Don't know what the SS (or nickle) ones sell for, but you can likely get a *NEW Bersa Thunder Ultra Compact* for under $600. The basic matte model sells for around $450 new, which leaves some budget for custom grips n such. I just bought a lovingly used duotone (~250 rds through it) and love it.

Check out the reviews on the tube, you'll like what you see there.

For quality used weapons check out Guns for Sale - Online Gun Auction - Buy Guns at GunBroker.com

I've heard great things about them and you are covered much the same way ebay/pp does it in a dispute.


----------



## LefteeTris (Jul 1, 2012)

Check out the rock island armory 1911. Under 500$ typically. Best bang for the buck. Shoots as well as a kimber but half the cost


----------



## tk421991 (Jun 9, 2011)

Glock G31? Apparently Glock has a lifetime warranty?


----------



## GRIMMACT (Jun 14, 2012)

I've seen a number of fine 1911's under 800 at the gunshows. On the GI models I would change the sights due to my age and eyesight. I've been looking for a Regent R200s which are around 600 * http://regentarms.com/products/models/r200s.html*Regent Arms 1911 Handgun | - R200S and I heard they are outstanding and I think it would fit you well. Ya just can"t go wrong with a 1911.


----------



## GRIMMACT (Jun 14, 2012)

Tell the Attorney General's office that you have to take large deposit's to the drop box at your bank at night. I suggested this to two others and it worked. One of them even made a deposit that way so he would not lie. It was for $800 and that was large for him and who's to say what's large or not. Let him know you voted for him and what a fine job he is doing. Fight fire with Fire and if you ever do get a permit and you carry a 1911 do what Steve said. Carry it Cocked and Lock. That's the only way to carry a 1911 period.


----------



## tk421991 (Jun 9, 2011)

I could already claim that I go to the bank at night and make "large" deposits. Most of my transactions are after midnight. That, and the BoA in my town is regularly robbed. They have a security guard standing outside, and it's a very suburban town. But, I believe it still would be easier to go to the town chief. 

The strong arguements I have against the M1911 is that it is:

1) 101 years old (A1 was from 1927?)
2) 7+1, and newer handguns are easily over a dozen shot capacity.

I know this sounds indecisive, but I just glanced over Glocks today, and they have a lifetime warranty, are reasonably priced, are all Austrian (not Filipino or Argentine or Norinco) and have more than double the capacity of a M1911. I read many articles that all sound similar, that the M1911 is nearly a divinely inspired wonder of the world, made by the greatest designer ever. Well, Mr. Browning was human, and he made the Hi-Power to fix some of the problems of the M1911.


----------



## ponzer04 (Oct 23, 2011)

tk421991 said:


> The strong arguements I have against the M1911 is that it is:
> 
> 1) 101 years old (A1 was from 1927?)
> 2) 7+1, and newer handguns are easily over a dozen shot capacity.

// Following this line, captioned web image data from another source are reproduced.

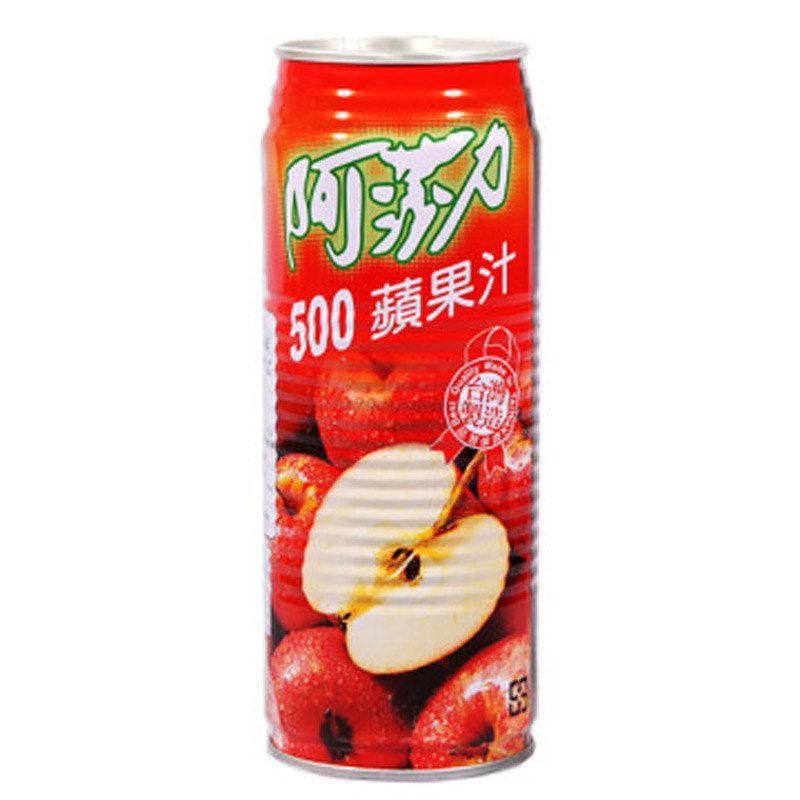 阿莎力 苹果汁饮料 500ml\/罐 台湾进口果汁 阿莎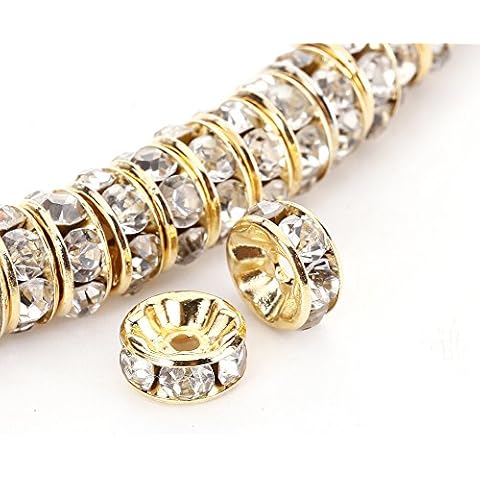 BRCbeads 8mm Gold Plated Crystal Rondelle Spacer Beads 100pcs per Bag for jewelery Making(#001 Clear Crystal) Cover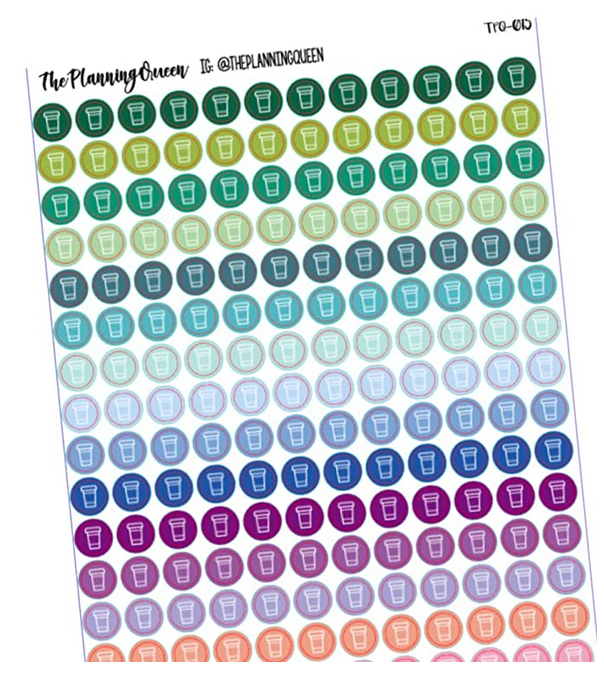 TPQ-025 Coffee cup icon planner stickers, multicolor icon stickers, 204 stickers 0.3" in diameter, MINI icon stickers, But first COFFEE, Drink icon stickers, Coffee date stickers, stickers for calendar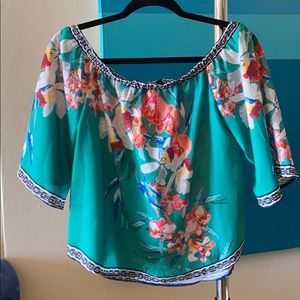 Colorful tropical print off shoulder crop top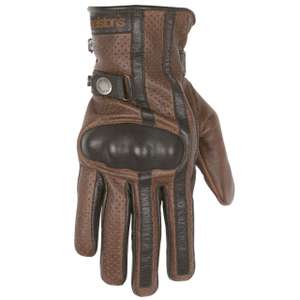 Gants Helstons Condor été cuir camel noir, moto vintage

(1) 101 years of being awesome
(2) 8+1 for most of them now. and you can carry a 10 round spare mag.

you just sounded like you wanted a 1911 from your first post. Good luck on your choice.


----------



## skullfr (Jun 19, 2012)

It is 100+ because it is a great reliable design.Standard carry is one mag in weapon and 2 spare. A gunfight usually last seconds.If you need more than that you are probably in a war zone.PLacing rounds into a vital organ repeatedly and accuritely doesnt require that many.


----------



## Philco (Apr 17, 2012)

In the original criteria posted, wooden grips was listed. That is something you'll not likely find on a Glock. If you are going to widen your search for a .45 auto to include polymer framed pistols, might I suggest you take a look at the Ruger P345. I have a Colt 1911 but I also have the Ruger P345 and it's a great gun with a very affordable price tag. There are lots of good choices out there if you do your homework. Be safe.


----------



## tk421991 (Jun 9, 2011)

Philco said:


> In the original criteria posted, wooden grips was listed. That is something you'll not likely find on a Glock.

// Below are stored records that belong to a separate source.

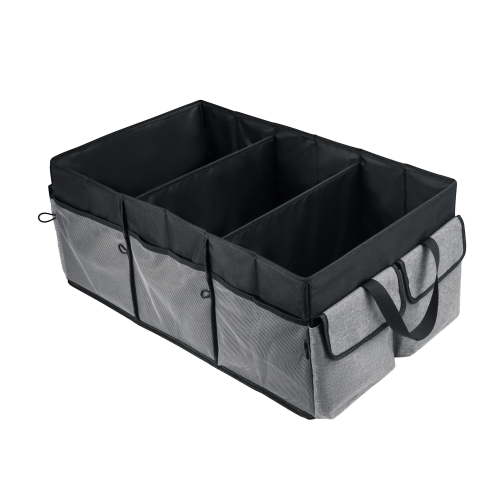 Auto Drive Super Jumbo Trunk Collapsed Organizer for Car ,3 Compartments 26.77x16.33x11.22"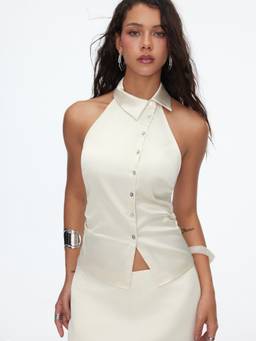 Cider - Silk Halter Neck Women's Button-Front Cut-Out Blouse Cream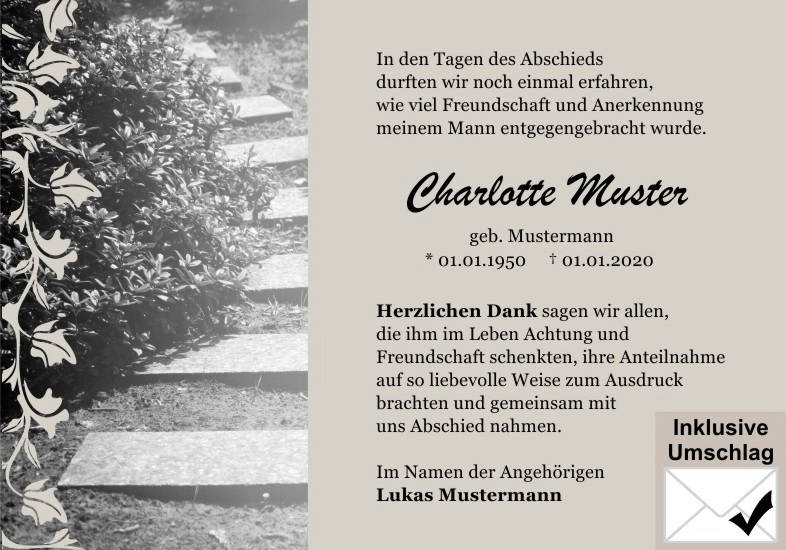Danksagungen Trauer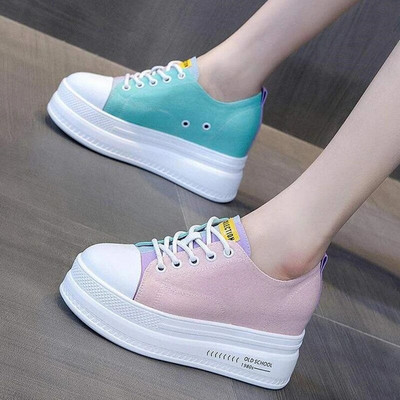 Aukštos kokybės platforma moteriški sportbačiai rudeniniai stilingi storu padu laisvalaikio batai kvėpuojantys drobiniai vaikščiojimo batai moteris Zapatos Mujer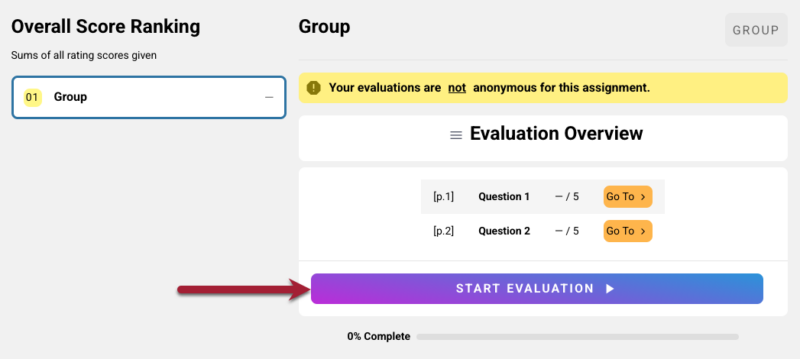 Screenshot of Start Evaluation button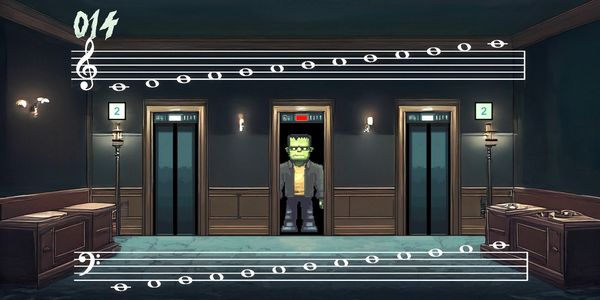 Animated Frankenstein stands in an elevator between two closed elevators.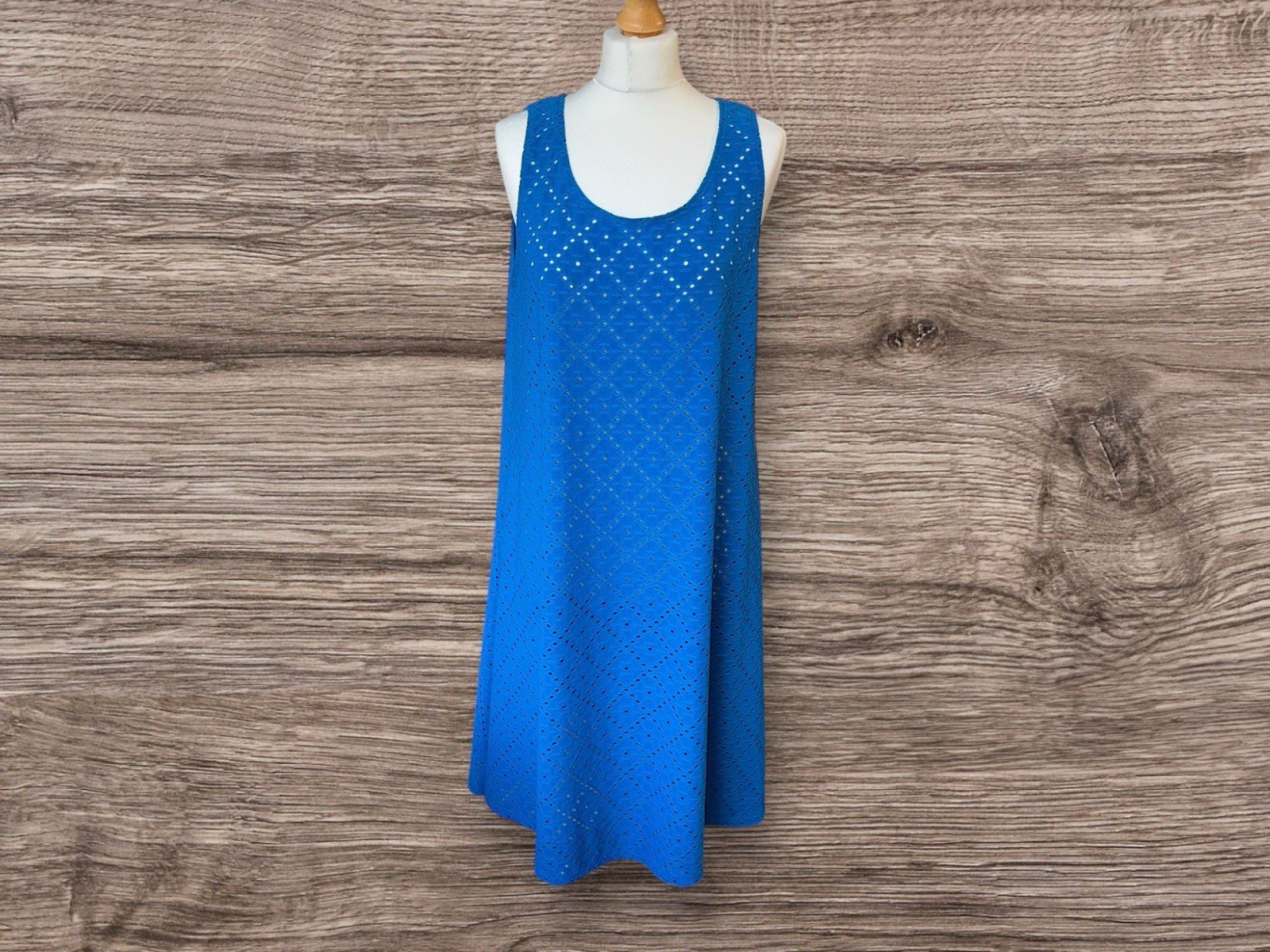 Zooni Royal Blue Broderie Stretch Swing Summer Dress Size 14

If I'm going to stick with a M1911 or a revolver, then wood grips are a must.

But to be honest, I just want my bigger pistol to be different from what I already own, and will own. My M91/30 is barely blued and has a shellacked birch stock. A Nagant has a similar, reddish hue or some were bakelite and the same color as the wood. I don't think I could have a bigger departure from these old Soviet guns if I went Glock. What I like about the Glock is that it is less rust prone, it's got a bigger capacity, and Glock has a very good customer service policy. If it's a Glock, they'll fix it.

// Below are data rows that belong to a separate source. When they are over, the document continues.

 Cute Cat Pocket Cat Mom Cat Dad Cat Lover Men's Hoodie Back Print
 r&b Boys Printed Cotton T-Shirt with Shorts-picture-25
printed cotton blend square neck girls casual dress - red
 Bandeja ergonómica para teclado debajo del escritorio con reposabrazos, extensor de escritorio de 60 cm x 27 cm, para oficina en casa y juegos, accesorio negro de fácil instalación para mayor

Call me nuts, but I do like the way the Glock looks. And I've held a Para Ordnance M1911, it was heavy! Sure heaviness reduces recoil, but if you really want to bark up the carry tree, heavy and bulky isn't a better thing.


----------



## kerrycork (Jan 9, 2012)

I saw my first Remington 1911 a couple days ago, it belongs to a friend. I fired 20 rounds and the gun handles like a 1911. Yep its heavy like a 1911 but I most certainly wold not classify it as over priced junk . I've had a few of these guns in my day and that gives me something to compare with. 
Metal to metal fit is very good, Nice finish. Just a good gun and it shoots very well. Oh well thats only my opinion. I carry a 1911 quite often but then I'm just an old gun-nut.


----------



## Easy_CZ (Jul 20, 2012)

In that price range, your best bet is a used Colt or a Ruger SR1911.


----------